A former U.S.House member allied with the Tea Party, Pompeo blasted the Supreme Court’s 2015 ruling legalizing marriage by LGBTQ people as “a shocking abuse of power” that “flew in the face of centuries of shared understanding of our Constitution.”

He offered similar anti-marriage equality sentiments at a Kansas State University appearance in 2014, saying, “I think as you look back at civilization, look back at history, you find the strength of these families having a father and a mother is the ideal condition for childbearing. If you’re asking for what is ideal, I think it’s being raised by a man and a woman.”

Rex Tillerson, fired by the president as America’s top diplomat, had been one of the few Trump officials to acknowledge LGBTQ Pride Month last June. Pompeo seems unlikely to do the same, given his history.
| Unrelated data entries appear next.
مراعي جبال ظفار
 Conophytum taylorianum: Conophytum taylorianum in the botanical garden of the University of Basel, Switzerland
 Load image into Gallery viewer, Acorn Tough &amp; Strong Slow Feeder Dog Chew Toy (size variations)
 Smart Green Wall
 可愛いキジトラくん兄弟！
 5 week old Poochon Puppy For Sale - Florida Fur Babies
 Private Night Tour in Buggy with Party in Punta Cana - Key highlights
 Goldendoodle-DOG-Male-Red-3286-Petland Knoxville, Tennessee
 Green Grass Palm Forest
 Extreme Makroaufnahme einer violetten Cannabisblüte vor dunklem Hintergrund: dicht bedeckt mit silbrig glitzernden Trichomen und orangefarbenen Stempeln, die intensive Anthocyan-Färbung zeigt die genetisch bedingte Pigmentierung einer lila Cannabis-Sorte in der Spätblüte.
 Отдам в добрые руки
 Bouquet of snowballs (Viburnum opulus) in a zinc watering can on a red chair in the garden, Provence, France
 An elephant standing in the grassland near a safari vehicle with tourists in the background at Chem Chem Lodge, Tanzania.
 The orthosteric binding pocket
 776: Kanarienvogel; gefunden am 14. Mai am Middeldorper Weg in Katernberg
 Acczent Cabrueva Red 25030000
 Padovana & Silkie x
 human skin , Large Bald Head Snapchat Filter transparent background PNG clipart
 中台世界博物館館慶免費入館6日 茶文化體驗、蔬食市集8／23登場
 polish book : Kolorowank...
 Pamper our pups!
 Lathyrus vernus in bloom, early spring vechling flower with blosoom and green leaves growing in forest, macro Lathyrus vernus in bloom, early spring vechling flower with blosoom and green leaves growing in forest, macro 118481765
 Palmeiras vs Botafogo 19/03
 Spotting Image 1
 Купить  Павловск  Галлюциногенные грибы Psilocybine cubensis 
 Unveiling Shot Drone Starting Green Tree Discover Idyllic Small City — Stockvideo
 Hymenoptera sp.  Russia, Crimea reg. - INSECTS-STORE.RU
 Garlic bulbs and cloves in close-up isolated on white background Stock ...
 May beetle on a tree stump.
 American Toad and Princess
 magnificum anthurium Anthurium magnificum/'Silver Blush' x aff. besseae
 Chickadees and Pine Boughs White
Although legislation ending the “don’t ask, don’t tell” policy toward LGBTQ people serving in the armed forces had passed the year before he joined Congress in 2011, he nonetheless spoke out against the repeal.

“We cannot use military to promote social ideas that do not reflect the values of our nation,” he said.

As CIA director under Trump, he came under fire after the agency last year canceled an event at its headquarters where Judy and Dennis Shepard, parents of murdered gay student Matthew Shepard, had been scheduled to speak.

Among those to blast Pompeo’s nomination was Human Rights Campaign President Chad Griffin, who called him “a reckless choice to lead our nation’s diplomatic efforts.”

“The decision to nominate anti-LGBTQ Mike Pompeo could have serious consequences for the United States and LGBTQ people around the globe,” Griffin said in a statement on HRC’s website. “The State Department has a crucial role to play in advancing human rights — a role which was already rapidly declining under Tillerson. This decision has the potential to make a dire situation even worse.”

GLAAD president and CEO Sarah Kate Ellis expressed similar criticisms. She said she was especially concerned that as CIA director, Pompeo had consulted with the Family Research Council, which the Southern Poverty Law Center has designated as an anti-LGBTQ hate group.

“We have already seen a State Department under President Trump that has stayed silent and refused to take necessary steps to combat and condemn the growing epidemic of anti-LGBTQ violence around the world, and now that department will be helmed by someone with an extensive anti-LGBTQ record,” she said. “This extremism should have no place in the U.S. State Department.”